Use an external drive as your primary storage on macOS — without it breaking when you unplug. Your folders cling to the drive, but survive every detach and re-attach themselves.
Documents, Downloads, Desktop, whole project folders — moved onto a cheap fast drive, with symlinks pointing the way. The internal disk stays empty. It works beautifully.
Saves fail. Apps error. Desktop and Documents look empty. And a reboot can quietly recreate empty folders — splitting your files across two places. macOS has no built-in "work offline, sync later" for this.
A bumped cable. An accidental eject. Grabbing the laptop and walking off. One small mistake shouldn't break your whole workflow — or risk your files.
Like a limpet clings to its rock yet detaches with the tide: your folders ride the SSD when it's there, and the instant it's gone they become normal local folders so you keep working. When the drive returns, your offline work moves back on — automatically.
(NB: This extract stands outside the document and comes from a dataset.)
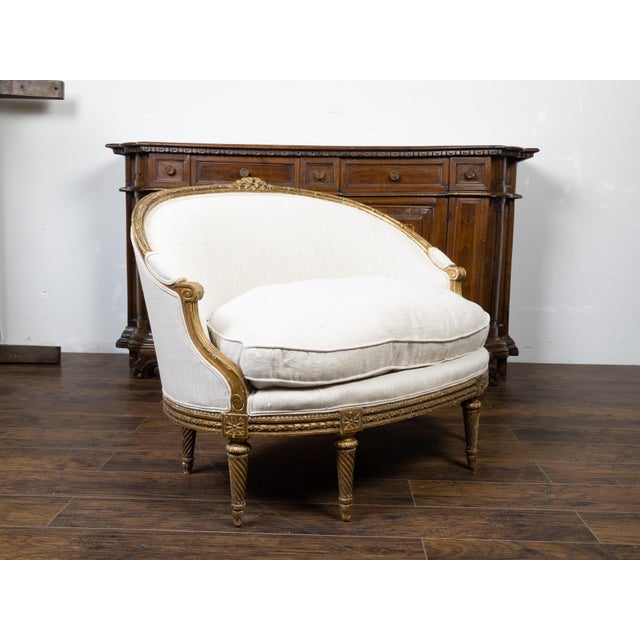 French French Louis XVI Style 19th Century Giltwood Upholstered Canapé en Corbeille For Sale - Image 3 of 10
It rides a system hook that fires whenever any drive mounts or unmounts. Drive gone → it flips your folders to real local folders so saving never fails. It only checks the mountpoint and swaps local links, so it needs no special permissions.
launchd · WatchPaths /Volumes · no Full Disk Access required
macOS won't let a silent background task write to an external drive (a security rule). So that step runs from your terminal, which is allowed — a tiny throttled hook that merges offline files back and refreshes an offline-readable copy of anything critical.
two layers that cover each other: one reacts instantly, one finishes the job
You never touch any of it. It just happens.
humans use the wizard · scripts & agents use --drive … --folders … --yes
The drive-pooling tools don't run on macOS; the ones that do break the instant the drive goes offline; sync apps double your storage and run a service. limpet is one auditable bash file — the most contained option. Open source, MIT.